FOUR TWO-BIT CONTRAPTIONS for flute and horn
Program notes by the composer 1/14/88

These little duets were written during one of the winter months of early 1964, while the composer was defending his country with his trusty French horn in the U. S. Army Band, Washington. D. C. They were intended as a birthday gift for a former horn student of his, then a sophomore co-ed at the University of Michigan, whose roommate played the flute (the hornist was Nancy Booth Stringer, who later collaborated with the composer in writing the poems used in his Three Choral Dances; the flutist was Mary Delano Sholkovitz, an eventual member of the Edinburgh Symphony). The work's title, which generated the work's content, is an obvious satirical jibe at another composing Bach, now decomposing, and his Two-Part Inventions for keyboard. The intention was to write music specifically designed for the duet combination in such a way that the two parts seemed complete by themselves (a later version, for woodwind quintet, was not nearly so successful in performance and has been withdrawn).

Strange to say, the two performers for whom the work was originally written never performed it.
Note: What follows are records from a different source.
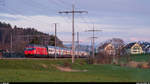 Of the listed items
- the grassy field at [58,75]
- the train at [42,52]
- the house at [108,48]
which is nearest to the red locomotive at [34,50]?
the train at [42,52]

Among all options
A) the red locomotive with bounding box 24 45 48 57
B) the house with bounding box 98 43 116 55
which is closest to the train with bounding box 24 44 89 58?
the red locomotive with bounding box 24 45 48 57

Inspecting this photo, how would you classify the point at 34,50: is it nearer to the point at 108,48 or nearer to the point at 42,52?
the point at 42,52

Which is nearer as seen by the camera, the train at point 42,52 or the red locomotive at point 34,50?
the red locomotive at point 34,50

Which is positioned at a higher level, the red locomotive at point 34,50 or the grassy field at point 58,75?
the red locomotive at point 34,50

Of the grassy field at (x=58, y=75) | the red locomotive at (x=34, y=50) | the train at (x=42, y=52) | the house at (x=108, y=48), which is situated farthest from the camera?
the house at (x=108, y=48)

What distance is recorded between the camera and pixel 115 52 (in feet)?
230

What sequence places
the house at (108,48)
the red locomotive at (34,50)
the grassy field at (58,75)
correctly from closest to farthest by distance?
the grassy field at (58,75) → the red locomotive at (34,50) → the house at (108,48)

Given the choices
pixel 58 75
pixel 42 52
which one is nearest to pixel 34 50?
pixel 42 52

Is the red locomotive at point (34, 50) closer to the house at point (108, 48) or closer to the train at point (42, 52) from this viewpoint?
the train at point (42, 52)

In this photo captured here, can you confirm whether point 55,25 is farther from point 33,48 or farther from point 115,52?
point 115,52

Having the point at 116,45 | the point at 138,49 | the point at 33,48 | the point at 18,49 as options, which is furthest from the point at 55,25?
the point at 138,49

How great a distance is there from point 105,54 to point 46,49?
13906mm

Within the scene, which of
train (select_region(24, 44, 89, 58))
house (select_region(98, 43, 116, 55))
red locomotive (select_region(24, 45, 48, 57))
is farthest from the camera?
house (select_region(98, 43, 116, 55))

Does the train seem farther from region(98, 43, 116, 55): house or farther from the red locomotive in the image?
region(98, 43, 116, 55): house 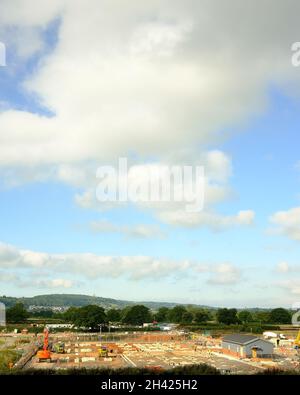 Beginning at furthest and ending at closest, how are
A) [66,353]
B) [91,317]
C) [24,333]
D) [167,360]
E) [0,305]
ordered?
[0,305] < [91,317] < [24,333] < [66,353] < [167,360]

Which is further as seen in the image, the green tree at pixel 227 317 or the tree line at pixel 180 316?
the green tree at pixel 227 317

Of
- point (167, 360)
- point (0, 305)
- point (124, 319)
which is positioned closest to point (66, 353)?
point (167, 360)

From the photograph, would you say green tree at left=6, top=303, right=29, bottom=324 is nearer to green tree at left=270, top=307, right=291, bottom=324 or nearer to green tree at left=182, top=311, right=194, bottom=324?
green tree at left=182, top=311, right=194, bottom=324

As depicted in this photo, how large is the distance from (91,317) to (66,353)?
94.0ft

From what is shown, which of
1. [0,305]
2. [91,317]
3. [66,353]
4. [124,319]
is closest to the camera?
[66,353]

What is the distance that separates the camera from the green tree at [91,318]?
67812 millimetres

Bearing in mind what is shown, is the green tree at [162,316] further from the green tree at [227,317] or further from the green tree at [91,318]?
the green tree at [91,318]

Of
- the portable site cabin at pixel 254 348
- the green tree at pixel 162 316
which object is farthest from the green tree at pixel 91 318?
the portable site cabin at pixel 254 348

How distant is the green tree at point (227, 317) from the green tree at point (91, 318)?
21.7 meters

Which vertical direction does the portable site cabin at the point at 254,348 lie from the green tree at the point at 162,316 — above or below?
above

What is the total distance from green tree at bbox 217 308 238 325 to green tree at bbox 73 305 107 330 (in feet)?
71.2

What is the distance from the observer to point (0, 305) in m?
76.3

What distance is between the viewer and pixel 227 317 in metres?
76.4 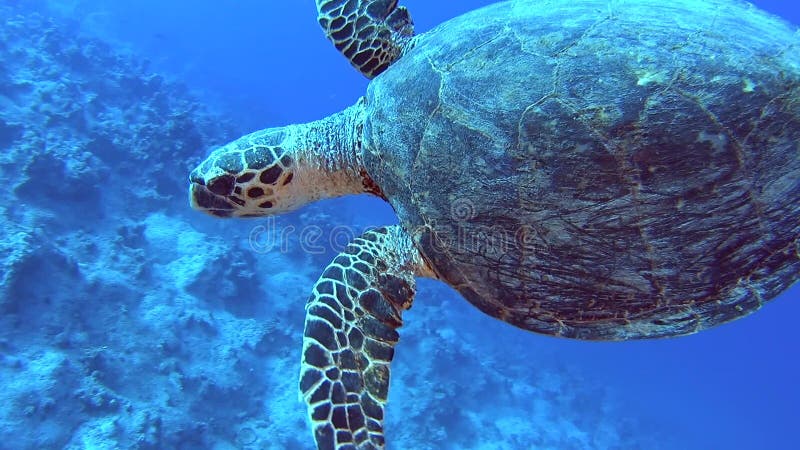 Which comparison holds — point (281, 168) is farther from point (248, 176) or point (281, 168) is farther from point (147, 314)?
point (147, 314)

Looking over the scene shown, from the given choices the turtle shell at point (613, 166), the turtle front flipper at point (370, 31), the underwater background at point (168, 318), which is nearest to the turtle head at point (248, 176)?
the turtle front flipper at point (370, 31)

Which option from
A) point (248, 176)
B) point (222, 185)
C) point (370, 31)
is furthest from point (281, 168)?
point (370, 31)

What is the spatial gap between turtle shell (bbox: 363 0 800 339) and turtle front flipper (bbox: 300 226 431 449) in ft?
1.23

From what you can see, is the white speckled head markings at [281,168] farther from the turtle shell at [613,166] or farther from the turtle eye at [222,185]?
the turtle shell at [613,166]

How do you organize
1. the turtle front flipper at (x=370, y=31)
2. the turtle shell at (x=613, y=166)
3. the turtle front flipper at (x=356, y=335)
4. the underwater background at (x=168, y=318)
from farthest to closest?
the underwater background at (x=168, y=318) → the turtle front flipper at (x=370, y=31) → the turtle front flipper at (x=356, y=335) → the turtle shell at (x=613, y=166)

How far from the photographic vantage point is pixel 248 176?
12.3ft

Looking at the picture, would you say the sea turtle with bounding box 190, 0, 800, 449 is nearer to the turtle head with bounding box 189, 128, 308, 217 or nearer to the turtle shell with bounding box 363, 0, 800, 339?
the turtle shell with bounding box 363, 0, 800, 339

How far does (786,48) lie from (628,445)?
66.5 feet

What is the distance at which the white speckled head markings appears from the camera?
372cm

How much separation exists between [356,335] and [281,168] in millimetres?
1636

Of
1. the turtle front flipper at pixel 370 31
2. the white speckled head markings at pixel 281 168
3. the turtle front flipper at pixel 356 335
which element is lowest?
the turtle front flipper at pixel 356 335

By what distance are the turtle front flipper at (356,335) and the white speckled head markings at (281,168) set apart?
2.42ft

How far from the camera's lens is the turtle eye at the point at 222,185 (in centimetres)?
373

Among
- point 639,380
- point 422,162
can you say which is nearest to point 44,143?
point 422,162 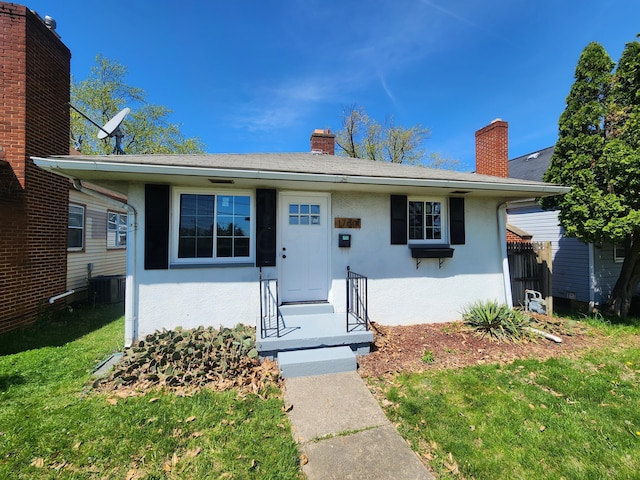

The work's first public performance was given by two outstanding high school performers during a young people's concert presented by the St. Petersburg (Florida) Symphony at the Bayfront Auditorium in that city in early 1966. It was scheduled by conductor Thomas Briccetti as an encore to a performance of the Titl Serenade for flute, horn, and string orchestra during that concert. The work's 1970 publication by Media Press is in large part responsible for its world-wide distribution and notoriety; to the composer's eternal embarrassment, it remains his most frequently performed composition. It is particularly popular at the April Fool's Day concerts that are becoming increasingly popular in this country, but it has also been performed in such distant countries as Sweden, England, and Germany with equally successful results. In August, 1987, it was performed in St. Louis for nearly two thousand flautists attending the National Flute Association convention. It has been recorded on CD by members of  the Pennsylvania Quintet and, most recently, by members of the Chicago Philharmonic. It was also recorded earlier on the Crystal Records LP "Is This The Way To Carnegie Hall?"  The work was released in a new edition by Galaxy Music Corporation in early 1989.

The work’s four movements are Second Lieutenant, Calliope, Gramophone, and Pinwheel. The two performers are encouraged to announce the title of each movement before they play it.